Segment Open

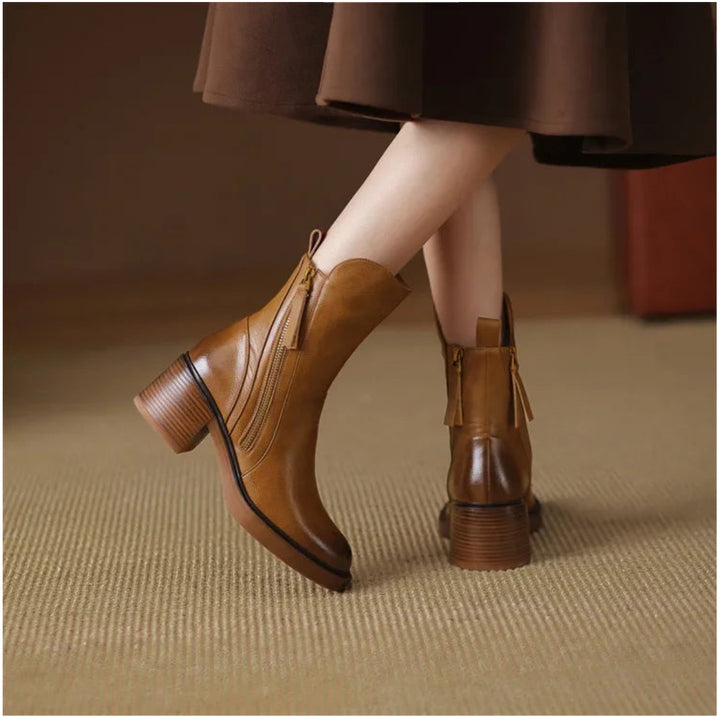 KORRA - LEATHER ZIP ANKLE BOOTS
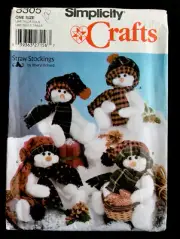 UNCUT Simplicity 5305 Stuffed Snowman Dolls 16” Sewing Pattern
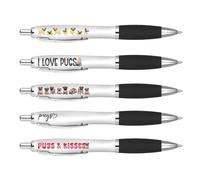 DV DESIGN Set di 5 penne nere a forma di carlino, per cani, cuccioli, giochi di parole divertenti, per scuola, insegnanti, amici, ragazze, ragazzi, set di compleanno #81316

Segment Closed

§ WHAT TO WORK ON: This task calls for the listing to be restated exactly, with images omitted.

§ WRITTEN ANSWER:
 KORRA - LEATHER ZIP ANKLE BOOTS
 UNCUT Simplicity 5305 Stuffed Snowman Dolls 16” Sewing Pattern
 DV DESIGN Set di 5 penne nere a forma di carlino, per cani, cuccioli, giochi di parole divertenti, per scuola, insegnanti, amici, ragazze, ragazzi, set di compleanno #81316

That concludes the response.